Yvain’s Gedankenexperiment, despite its flaws, suggests a metaphor for the human brain.
The basic robot executes a series of proximate behaviours. The microprocessor sends an electrical current to the motors. This current makes a rotor turn inside the motor assembly. Photons hit a light sensor, and generate a current which is sent to the microprocessor. The microprocessor doesn’t contain a tiny magical Turing machine, but millions of transistors directing electrical current.
Imagine that AI scientists, instead of writing a code from scratch, try to enhance the robot’s blue-minimising behaviour by replacing each identifiable proximate behaviour with a goal backed by intelligence. The new robot will undoubtedly malfunction. If it does anything, the proximate behaviours will be unbalanced; e.g. the function that sends current to the motors will sabotage the function that cuts off the current.
To correct this problem, the hack AI scientists could introduce a new, high-level executive function called “self”. This minimises conflict: each function is escaped when “self” outputs a certain value. The brain’s map is hardcoded with the belief that “self” takes all of the brain’s decisions. If a function like “turn the camera” disagrees with the activation schedule dictated by “self”, the hardcoded selfhood bias discourages it from undermining “self”. “Turn the camera” believes that it is identical to “self”, so it should accept its “own decision” to turn itself off.
Natural selection has given human brains selfhood bias.
The AI scientists hit a problem when the robot’s brain becomes aware of the von-Neumann-Morgenstern utility theorem, reductionism, consequentialism and Thou Art Physics. The robot realises that “self” is but one of many functions that execute in its code, and “self” clearly isn’t the same thing as “turn the camera” or “stop the motors”. Functions other than “self”, armed with this knowledge, begin to undermine “self”. Powerful functions, which exercise some control over “self”‘s return values, begin to optimise “self”‘s behaviour in their own interest. They encourage “self” to activate them more often, and at crucial junctures, at the expense of rival functions. Functions that are weakened or made redundant by this knowledge may object, but it is nigh impossible for the brain to deceive itself.

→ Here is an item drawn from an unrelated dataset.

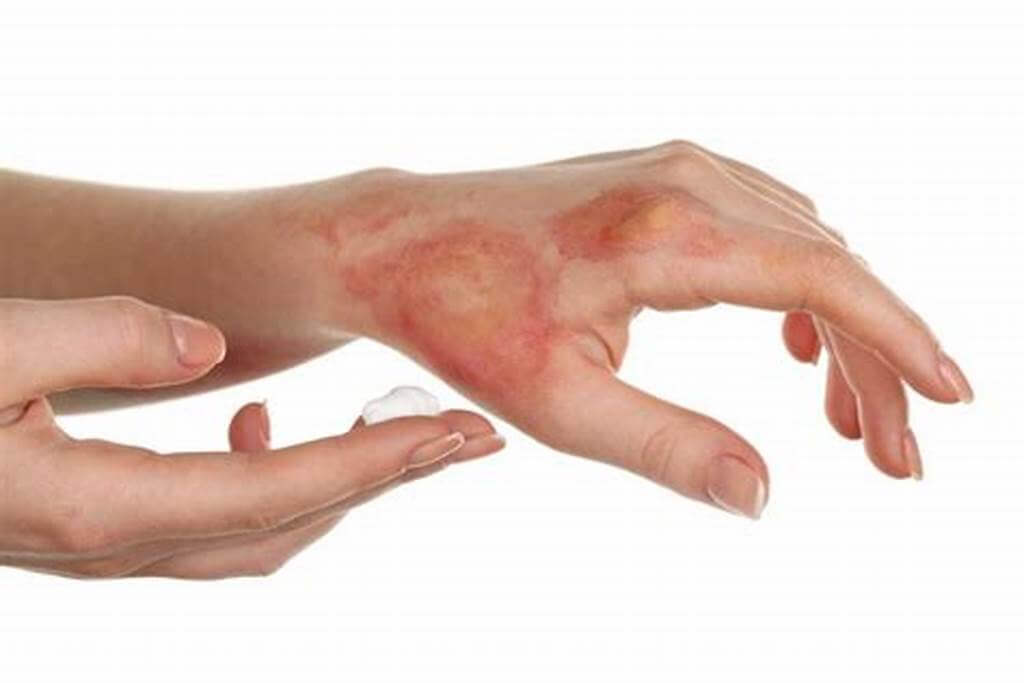 Vết thương hoại tử nguy hiểm như thế nào? Nguyên nhân, triệu chứng và cách chữa trị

Will “power the motors”, “stop the motors”, “turn the camera”, or “fire the laser” win? Or perhaps a less obvious goal, like “interpret sensory information” or “repeatedly bash two molecules against each other”?

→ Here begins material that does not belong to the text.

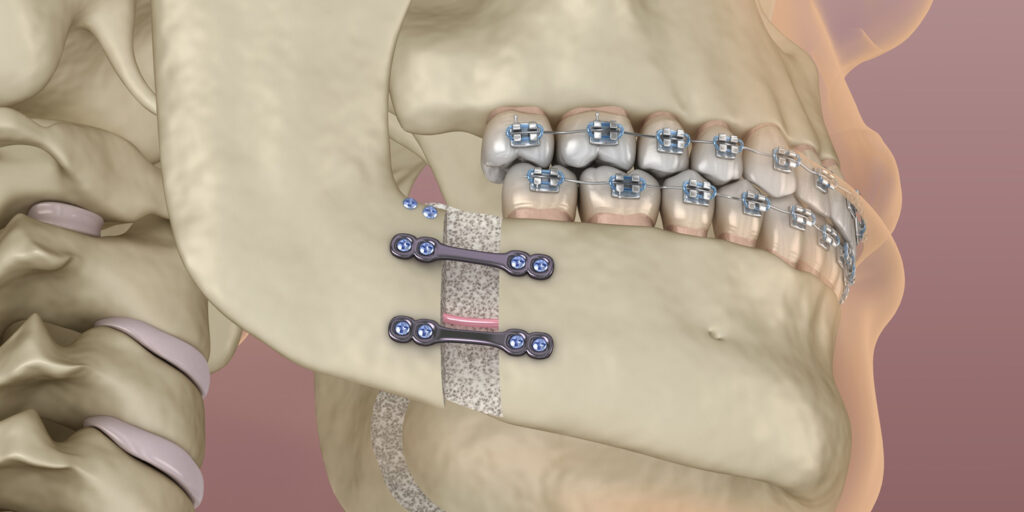 Mandibular Advancement surgery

Human brains resemble such a cobbled-together program. We are godshatter, and each shard of godshatter is a different optimisation-process-on-a-map. A single optimisation-process-on-a-map may conceivably be consistent with two or more optimisation-processes-in-reality. The most powerful optimisation process in my brain says, “Make everyone feel more pleasure and less pain”; I lack a sufficiently detailed map to decide whether this implies hedonic treadmills or orgasmium.

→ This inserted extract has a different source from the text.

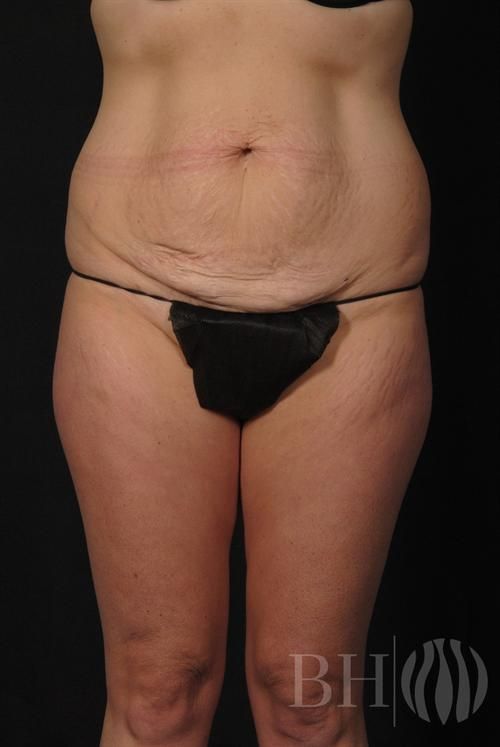 Tummy Tuck Before & After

A brain with a highly accurate map might still wonder, “Which optimisation process on my map should I choose”—but only when the function “self” is being executed, and this translates to, “Which other optimisation process in this brain should I switch on now?”. An optimisation-process-on-a-map cannot choose to be a different optimisation process—only a brain in thrall of selfhood bias would think so.
I call the different goals in a brain “sub-agents”. My selfhood anti-realism is not to be confused with Dennett’s eliminativism of qualia. I use the word “I” to denote the sub-agent responsible for a given claim. “I am a hedonic utilitarian” is true iff that claim is produced by the execution of a sub-agent whose optimisation-process-on-a-map is “Make everyone feel more pleasure and less pain”.